Deux notions s’opposent ici, dans ce passage, qui séparent les citoyens en deux catégories, qui les ont d’ailleurs toujours séparés, dès la naissance de la nation, deux attitudes face aux difficultés : celle de la conscience et celle d’illusions. On peut, bien sûr, changer de catégorie, passer de celle de la conscience à celle des illusions ou vice-versa, mais on ne peut baigner dans les deux à la fois. Aujourd’hui, on dira : les difficultés n’ont pas disparu parce qu’un certain système fondé, nous l’avons dit, sur le mensonge semble solidement installé aux commandes du pays, pas plus d’ailleurs qu’elles n’avaient disparu au lendemain de la proclamation de l’Indépendance le 27 avril 1960 : on n’a plus besoin de produire des preuves sur ce sujet; elle sont patentes, sanglantes, effarantes, assommantes, écrasantes, suffocantes…

Les illusions, nous savons ce qui, ceux qui les entretiennent. Malheureusement, certains de nos concitoyens veulent délibérément s’y maintenir, résignés ou parce qu’ils y ont des intérêts immédiats. Illusions vendues, monnayées, achetées, caressées. Le trafic d’illusions devient-il monnaie courante dans notre pays ? Mais, il y a aussi, heureusement, ceux qui, en prenant conscience, veulent en sortir et aider les autres à en sortir.

La deuxième remarque est dans la chute de la lettre pastorale : nous y sommes invités à un nouveau départ et un nouvel engagement, dans la vérité et la responsabilité, au service de notre Pays. Ne ratons pas ce rendez-vous de notre histoire. Comment concevoir et réaliser ce nouveau départ? Ce n’est pas une affaire des professionnels de la politique, ou de la religion, ou de l’action humanitaire.
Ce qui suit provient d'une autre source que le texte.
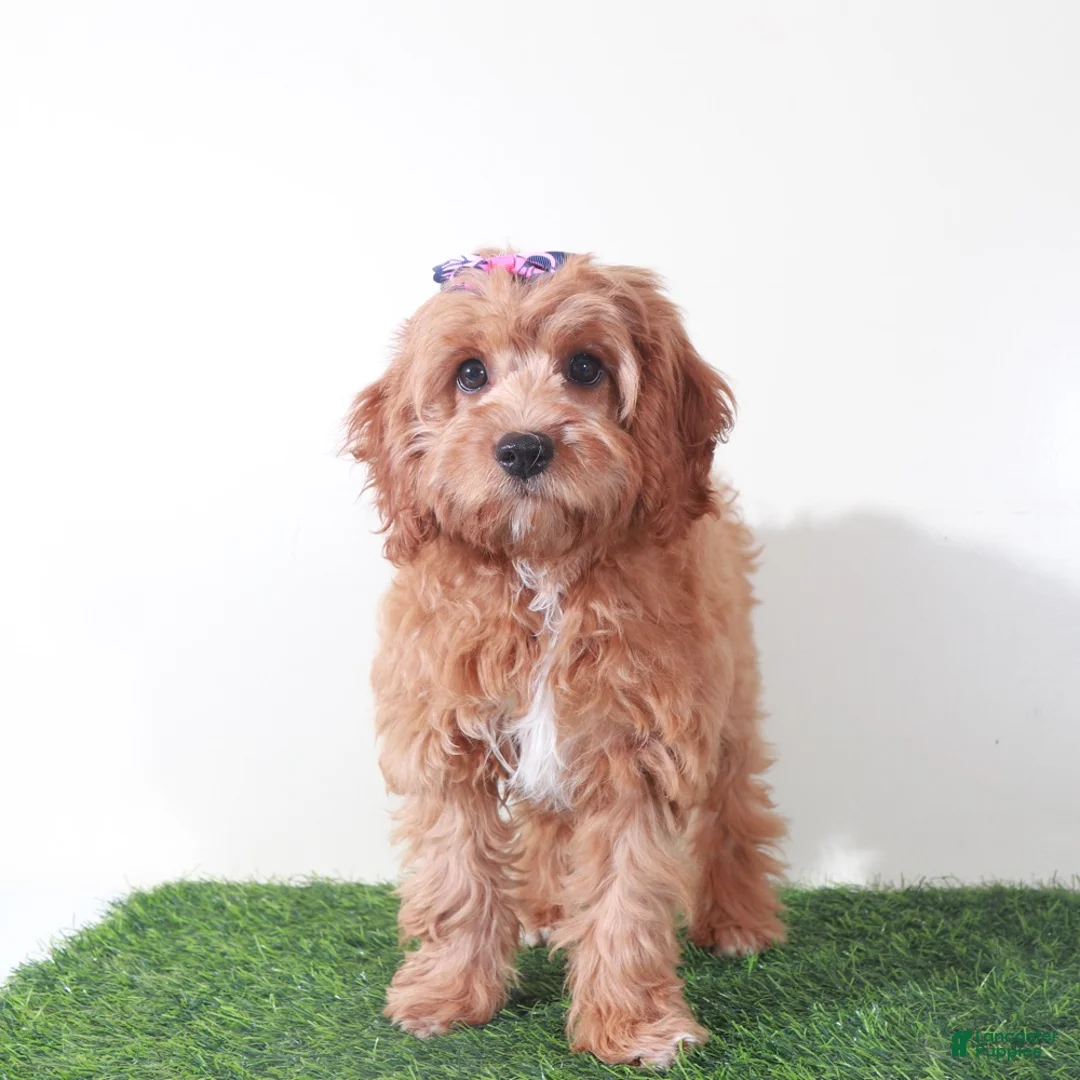 Cavapoo dogs for sale: Clover Stunning Female Cavapoo Puppy - Ad 2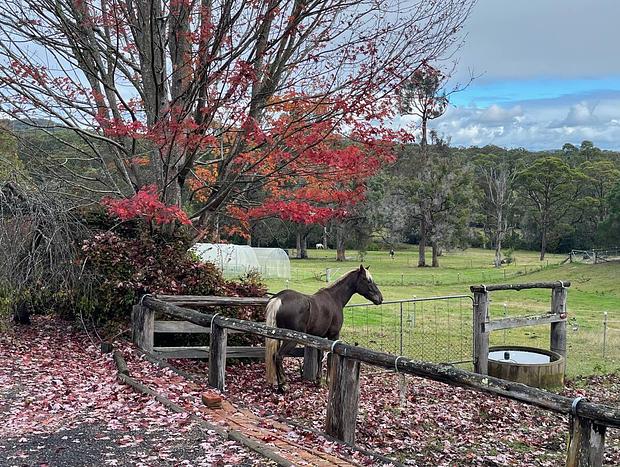 Photo 12 for Escape to Nature just minutes from Tathra.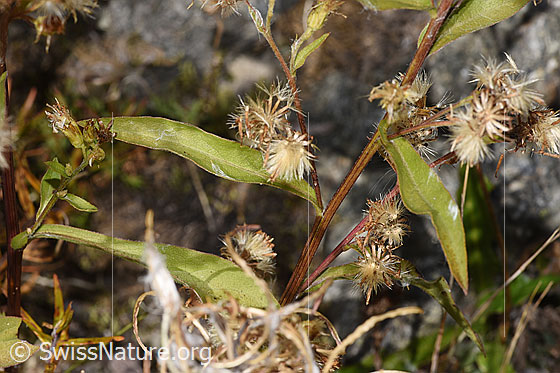 Photo: Solidago virgaurea ssp. Minuta. Leaves and blossoms.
C’est, je crois à dessein que les évêques ont évoqué dans leur lettre la parabole du Bon Samaritain(Luc 10):” comment un homme en voyage tombant entre les mains de brigands, se fit rouer de coups et fut laissé moribond sur le bord du chemin. Un prêtre puis un lévite s’illustrèrent par leur indifférence. Un étranger, un Samaritain, passant par là se sentit responsable de lui”. L’étiquette n’y change rien. C’est le sens de la responsabilité qui est tout.
Cette parabole de Jésus est d’une force et d’une richesse polysémique telles que, chaque fois que j’y pense et médite là-dessus, je ne puis empêcher des images bouleversantes et actuelles de se bousculer dans ma tête : qui est l’homme tombé aux mains des brigands et qui sont ces brigands? Je laisse à la logique de chacun de nos compatriotes et contemporains le soin de les découvrir. L’homme blessé à mort peut être un individu, mais il peut aussi être la métaphore d’un groupe d’hommes, d’un pays, d’un groupe de pays. Les brigands ne sont pas si difficiles à identifier. Et, n’adoptons-nous pas bien souvent, tous, le comportement du prêtre et du lévite.

Si la parole politique avait été vérité et justice, tout aurait effectivement été fait par elle et tout aurait été bien fait. Mais, la situation aujourd’hui est comme nous l’observons, parce qu’au commencement étaient le mensonge et le meurtre. Rien, dans ces conditions ne peut être bien fait. Au contraire, pour défendre le meurtre et le mensonge du commencement, on ne recourt, presque à chaque étape, qu’au meurtre et au mensonge.
Les évêques ne nous auraient pas invités à un nouveau départ, si nous étions sur la bonne voie, si tout était bien fait. Pensons-y.

Évidemment, selon qu’on appartienne, d’une manière ou d’une autre à la catégorie de la conscience ou à celle des illusions, la réponse peut être oui ou non.
Je rappelle qu’on peut passer, à tout moment, d’une catégorie à l’autre.